I have built a little program that encodes binary data into a sound. For example the following binary input:
00101101
will produce a 'sound' like this:
################..S.SS.S################
where each character represents a constant unit of time. #
stands for a 880 Hertz sine wave which is used to determine start and end of transmission, .
stands for silence, representing the zeroes, and S
stands for a 440 Hertz sine wave, representing the ones. Obviously, the part in the middle is much longer in practice.
The essence of my question is: How can I invert this operation?
The sound file is transmitted to the recipient via simple playback and recording of the sound. That means I am not trying to decode the original sound file which would be easy.

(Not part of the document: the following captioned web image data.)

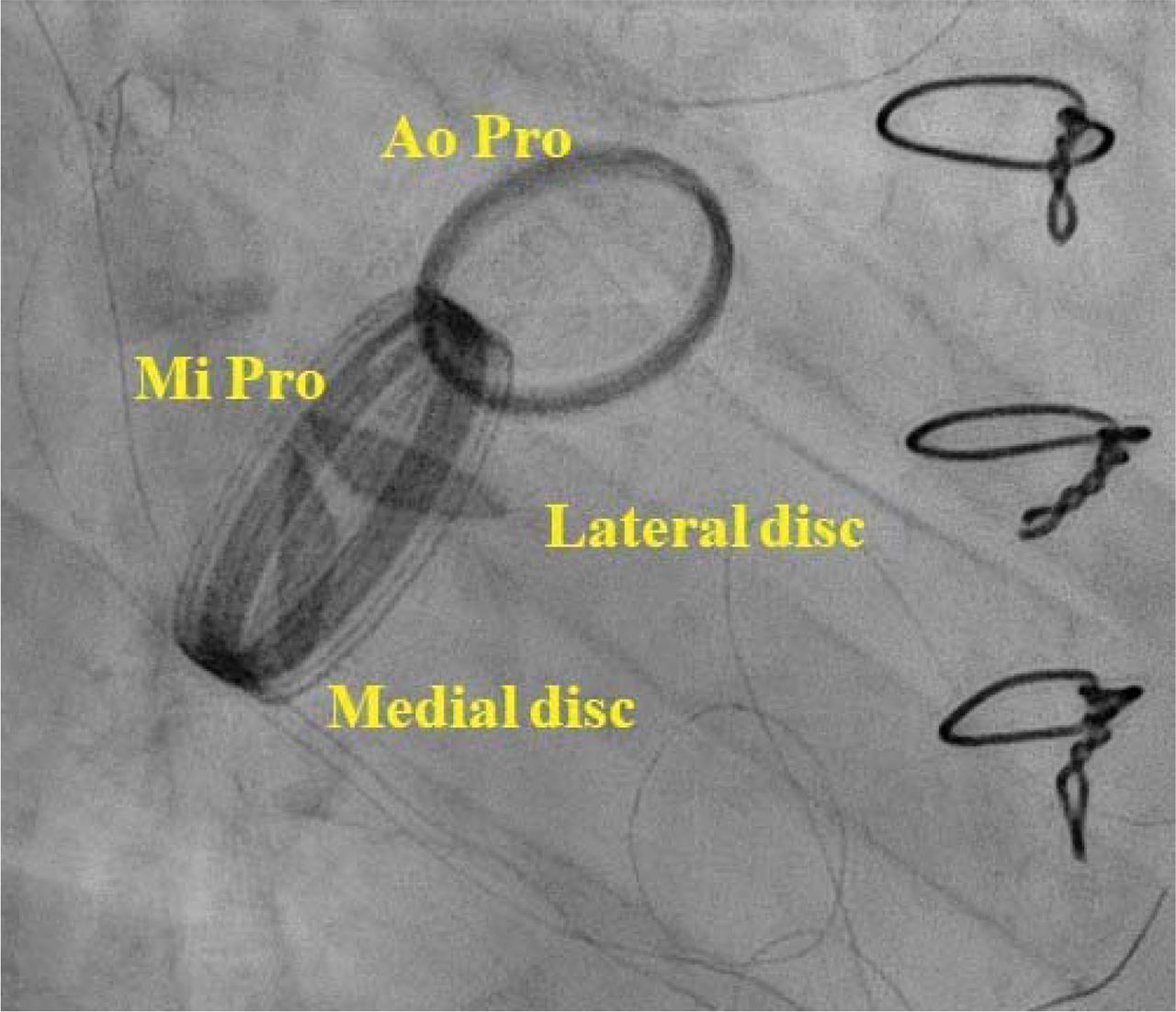 Fluoroscopy showing blocked medial mitral disc. Ao Pro, aortic prosthesis; Mi Pro, mitral prosthesis.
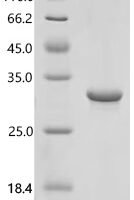 Mouse Neuronal acetylcholine receptor subunit alpha-7 (Chrna7), partial Recombinant Protein, C-His - BioCrest Sci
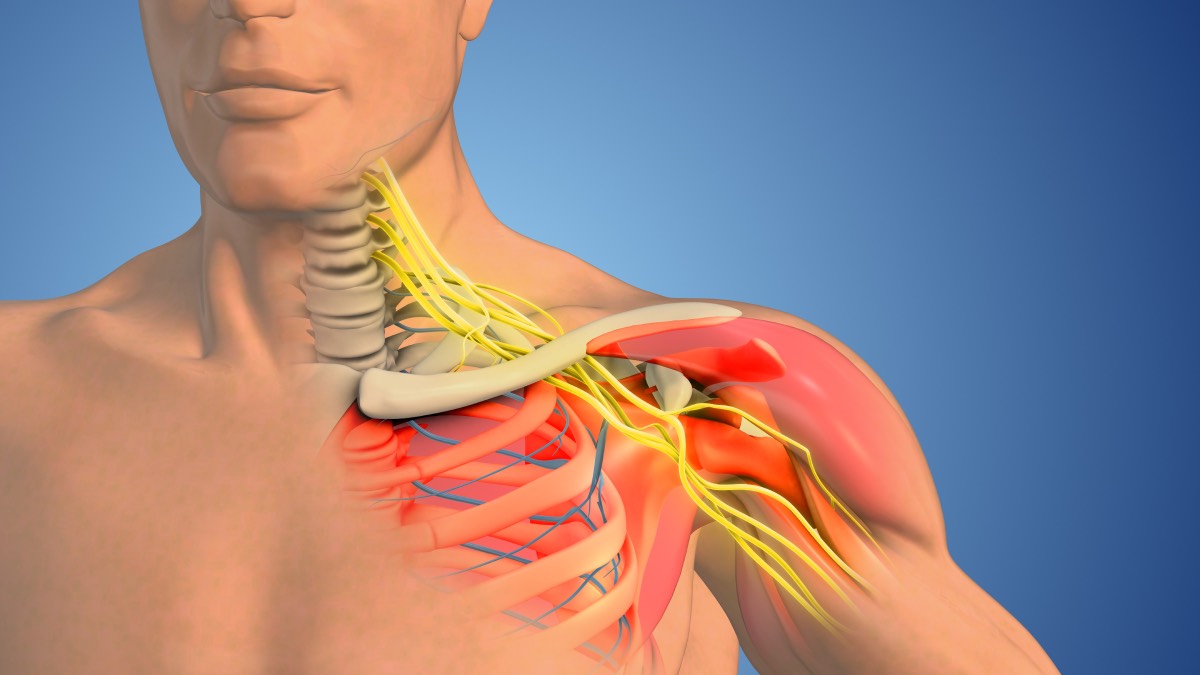 Bupivacaine vs. Ropivacaine for Interscalene Block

Obviously I have to analyze the recorded data with respect to frequency. But how? I have read a bit about Fourier Transform but I am quite lost here.
I am not sure where to start but I know that this is not trivial and probably requires quite some knowledge about signal processing. Can somebody point me in the right direction?
BTW: I am doing this in Ruby (I know, it's slow - it's just a proof of concept) but the problem itself is not programming language specific so any answers are very welcome.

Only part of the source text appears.